The net result was a T&L program conducted in 24 Pick `n Save stores during August-September 2012, where a rotation of 16 different potato breakfast recipe cards were merchandised adjacent to eggs, bacon and breakfast sausage. When we analyzed the results, the test locations had significantly outperformed a control group of stores, achieving potato category dollars sales 6.9 percent above the control group and seeing dollars sales of eggs-bacon-sausage also increase by 5.7 percent.

We worked with Roundy's to add several new potato offerings to their standard assortment (objective No. 1). We also persuaded Roundy's to address objective No. 3-more efficient promotional activity-by heightening the appeal of their feature ads; specifically, by using imagery of prepared potato dishes rather than photos of raw bulk or bagged potatoes. This simple change-using images in part supplied from the USPB's recipe library-had a dramatic impact on how their ads performed! Incremental volume for the ads using images of prepared potato dishes, as determined by Nielsen Perishables Group, was more than twice the average incremental volume for their previous "raw" feature ads.

As for objective No. 2-creating more awareness of and appreciation for Roundy's potato selection-the strategy we recommended was to stage a high-profile, month-long potato extravaganza.a "Potatopalooza."

At Roundy's urging, the USPB reached out to Roundy's potato suppliers, as well as the Wisconsin Potato & Vegetable Growers Association (WPVGA) to enlist their support for this month-long program. Alsum Farms, Bushman's and Okray Family Farms agreed to donate time and resources to the program, and RPE contributed product for the four Saturday parking lot events.

The WPVGA agreed to co-sponsor the program, and shared the investment for banners and stanchion signs to be displayed in all stores during May 2013. WPVGA also donated prizes and Wisconsin potato chips for each of the Saturday events, and Dana Rady, Director of Promotions, Communication and Consumer Education, was on hand at each Wisconsin location (three of the four events) to personally lend a hand.

During the month of Potatopalooza, Roundy's.

 Featured multiple potato items in their circular ads every week.

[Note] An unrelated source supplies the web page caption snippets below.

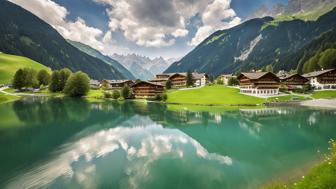 Mayrhofen Sehenswürdigkeiten: Entdecken Sie die schönsten Attraktionen im Zillertal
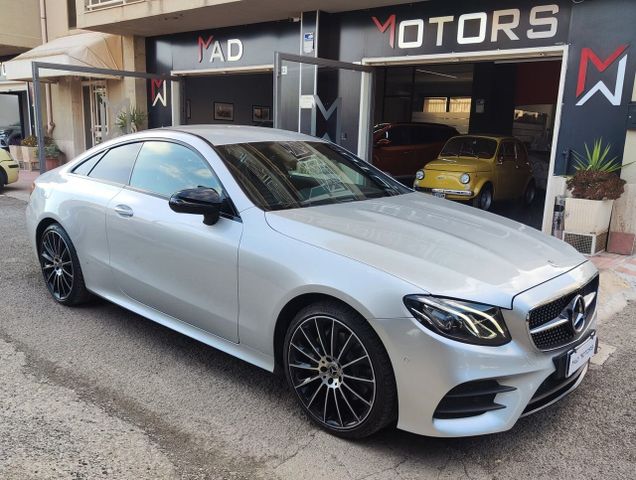 MERCEDES-BENZ Mercedes-benz E 220 d 4Matic Premium Plus 2018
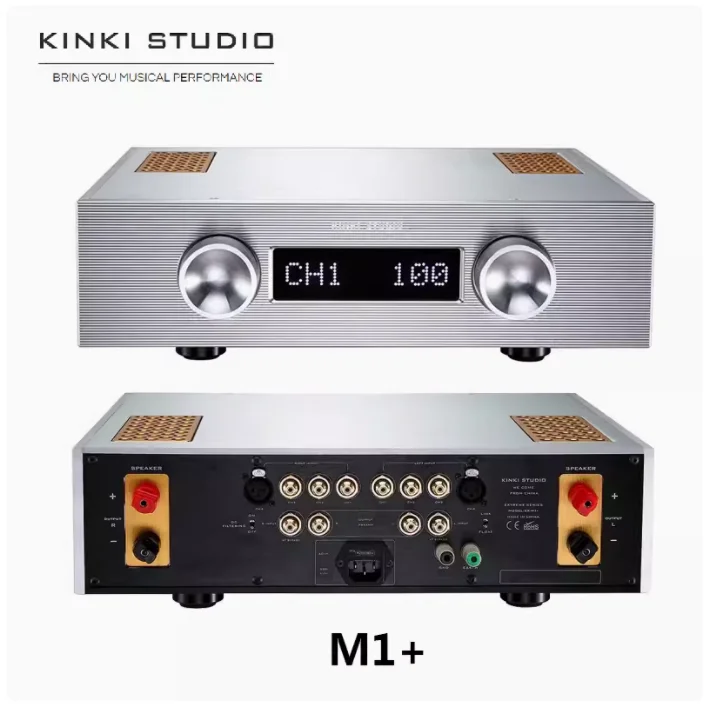 KINKI STUDIO EX-M1 M1+2020 merged amplifier front and rear audio amplifier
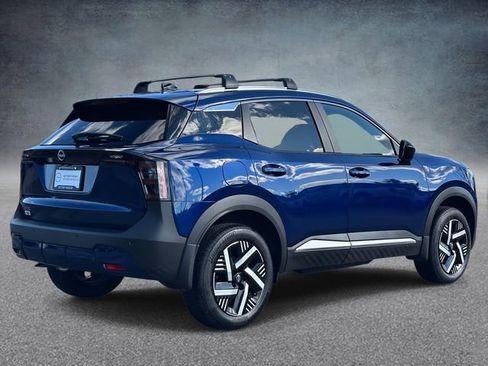 New 2026 Nissan Kicks SV w/ SV Premium Package image 2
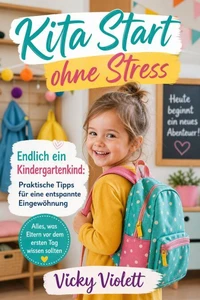 Kita Start ohne Stress, Endlich ein Kindergartenkind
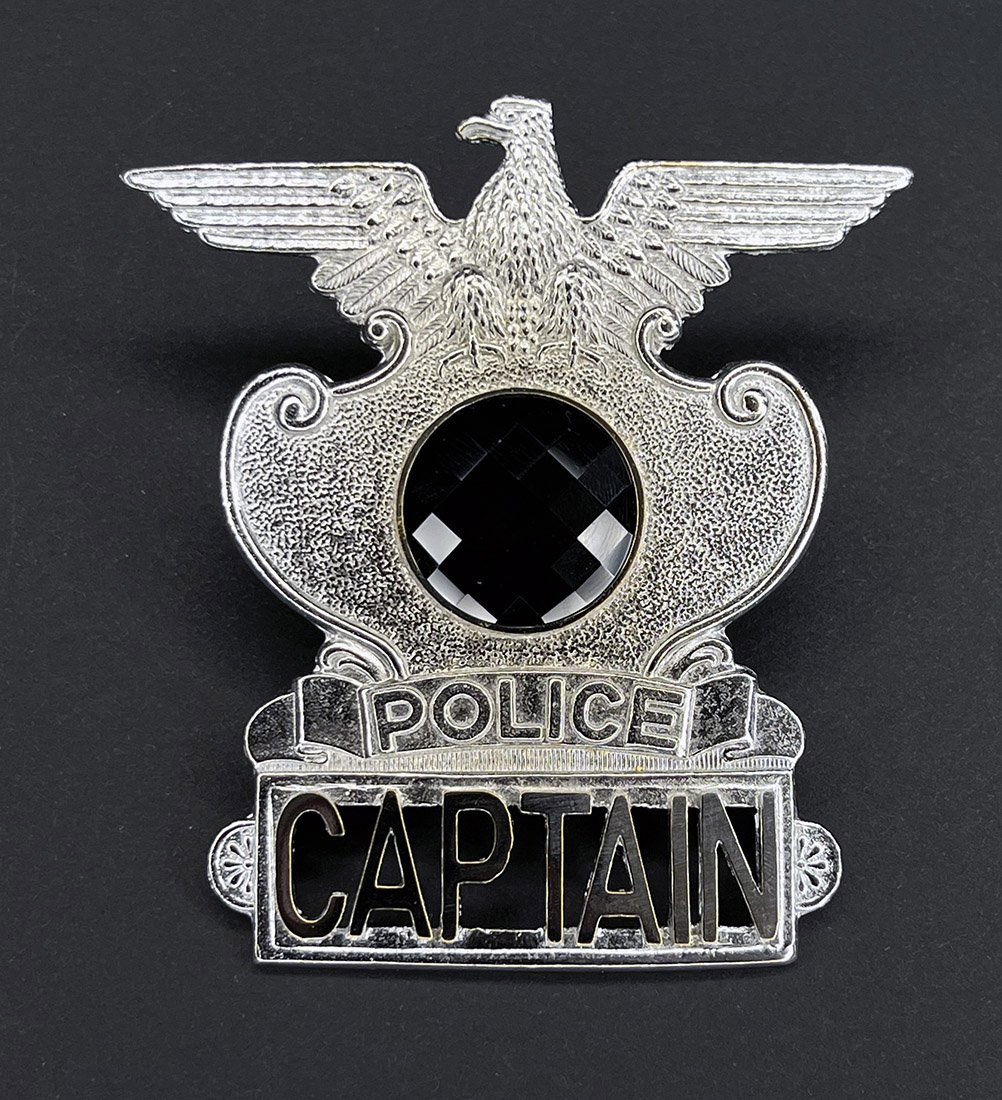 Michael Jackson Military Badge #1 (1 of 2)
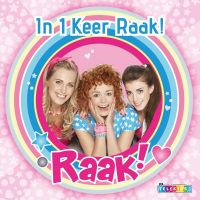 Raak! - In 1 Keer Raak - CD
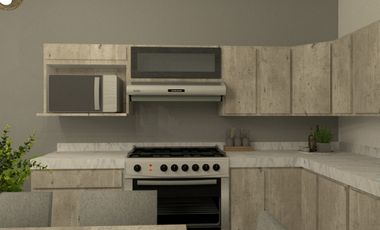 DEPARTAMENTO EN RENTA EN VIÑEDOS, TORREON COAHUILA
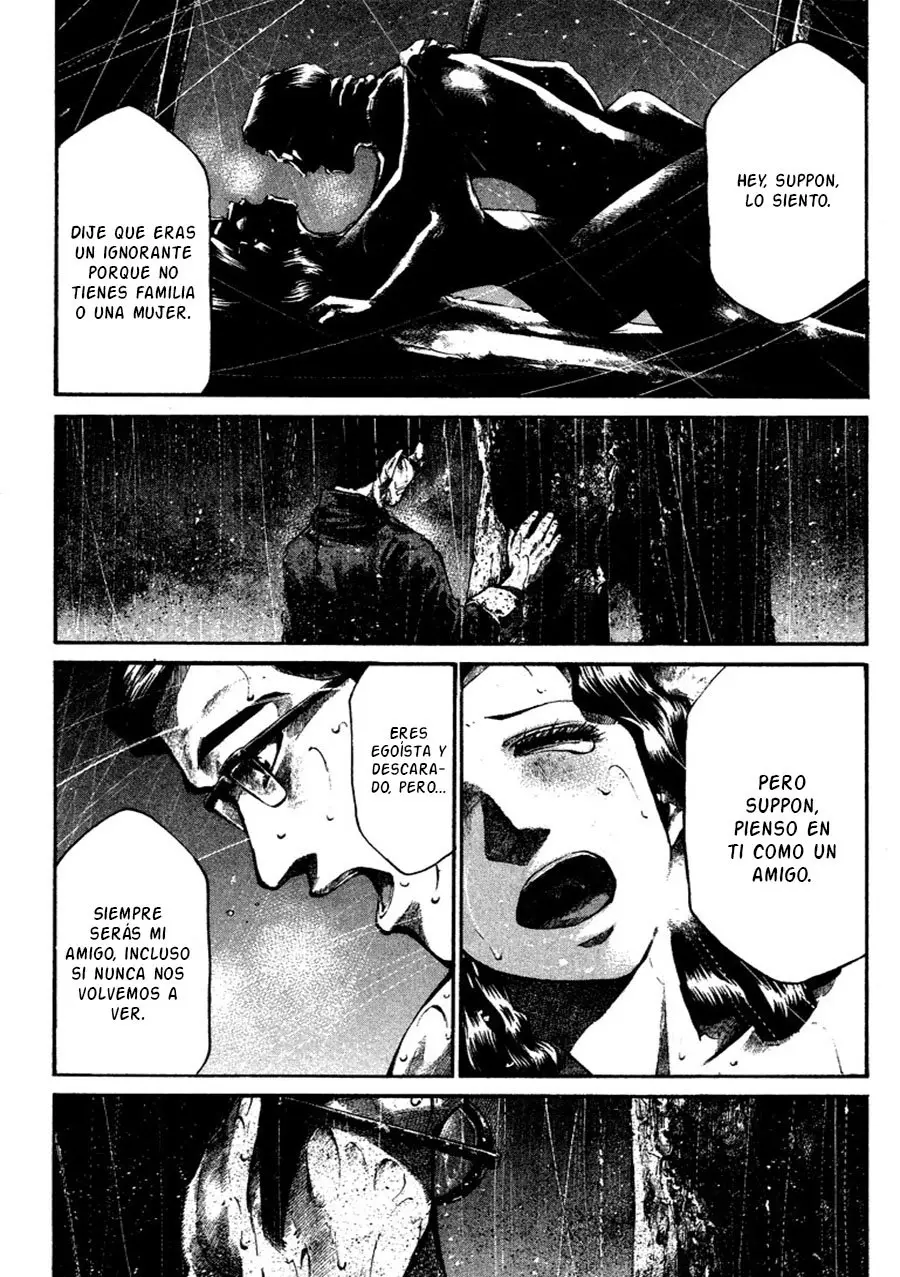 Rainbow: Nisha Rokubou no Shichinin (2002) - Capítulo 90 - Página 11 - LectorTMOo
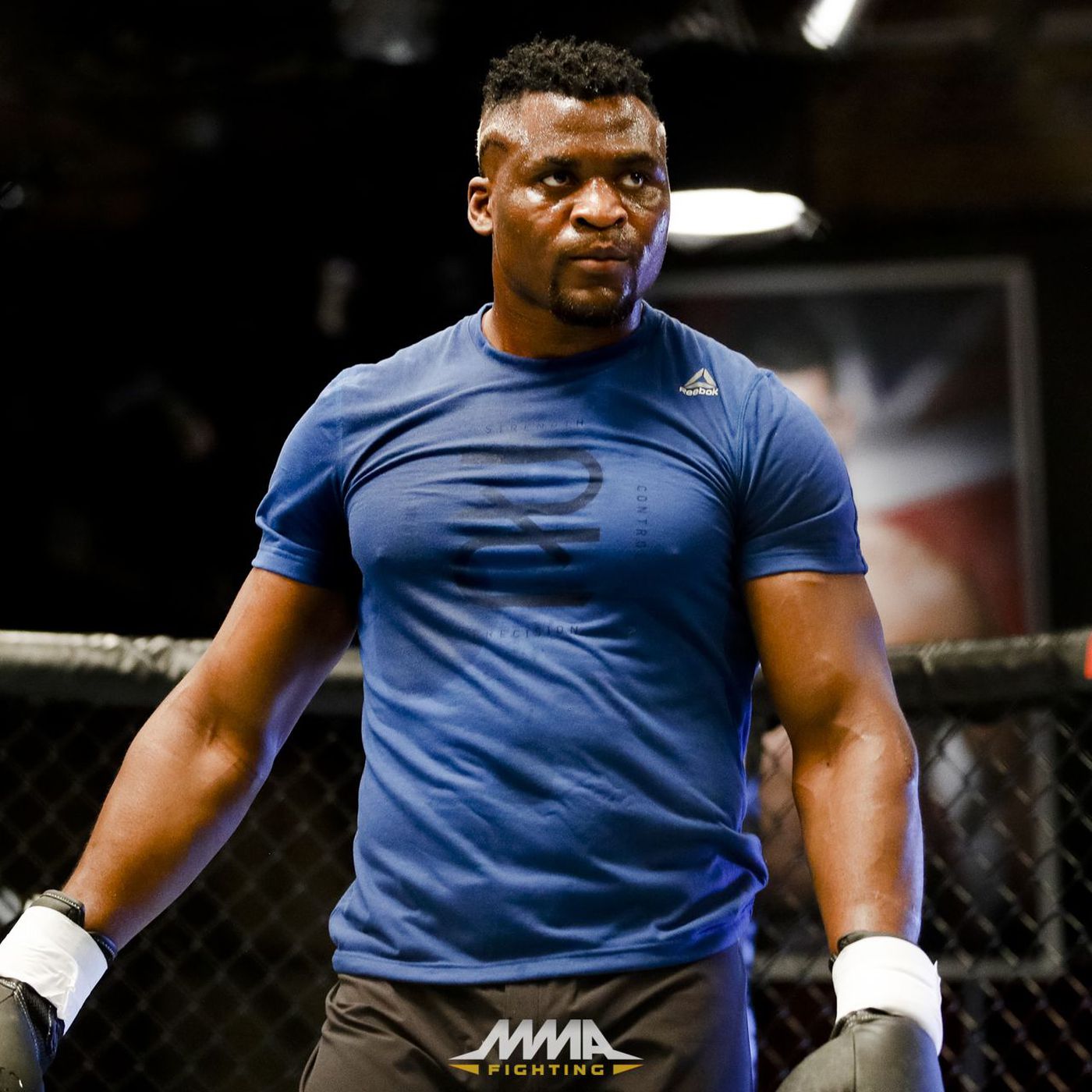 Formuler Mainstream Meander Hot Tweets: Francis Ngannou's contract situation and his UFC future, Jon  Jones, Oliveira vs. Gaethje and more - MMA Fighting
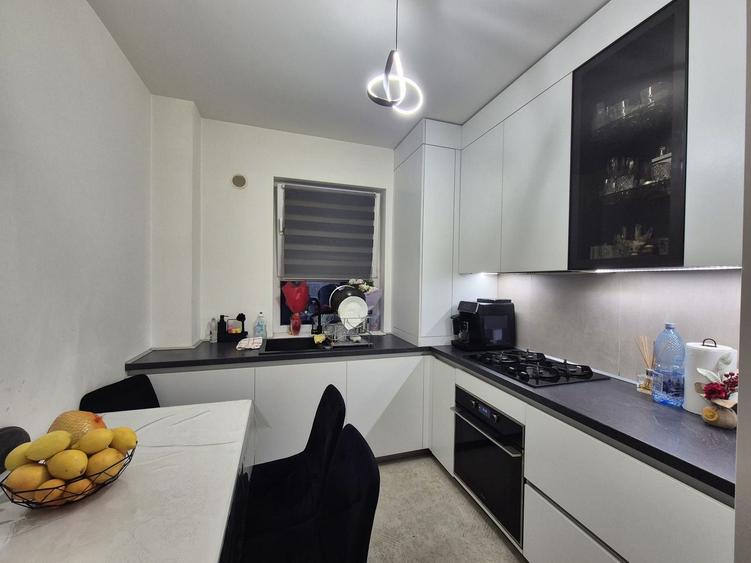 Labis, apartament in bloc nou cu loc parcare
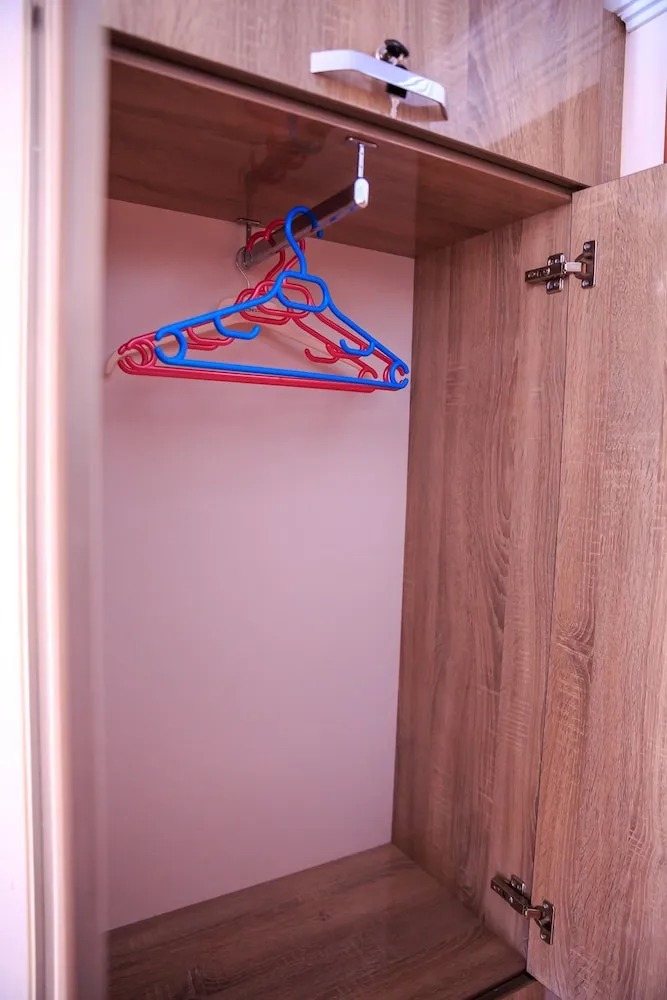 Comfort Tek Büyük veya İki Ayrı Yataklı Oda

 Promoted the program on the websites of all five of their retail banners, creating a home page splash and driving visitors to a special section with potato recipes, information and more.

 Directed all stores to build a potato "barge" display, and merchandise the potato display with the banners and signs created especially for the program.

 Brought in six new potato items during the course of the program.

 Created added awareness and excitement by holding events in store parking lots in the Wisconsin cities of Sun Prairie, Stevens Point and Mequon, and also in Roseville, Minn., on four successive Saturdays in May. The USPB, suppliers and the WPVGA teamed up to talk potatoes and hand out recipes to Roundy's shoppers. They conducted several zany games and contests like Tater Toss, Tiny Tater Test and Tater Time Trials.

Nielsen Perishables Group collected and analyzed Roundy's sales data, and the Roundy's loyalty card information for the month of Potatopalooza. The final recap was presented to Roundy's management in late July. The work with Roundy's has established a new standard for retailer participation in the USPB's partnership programs, as well as created a template for industry members and state potato organizations to use in their own marketing efforts!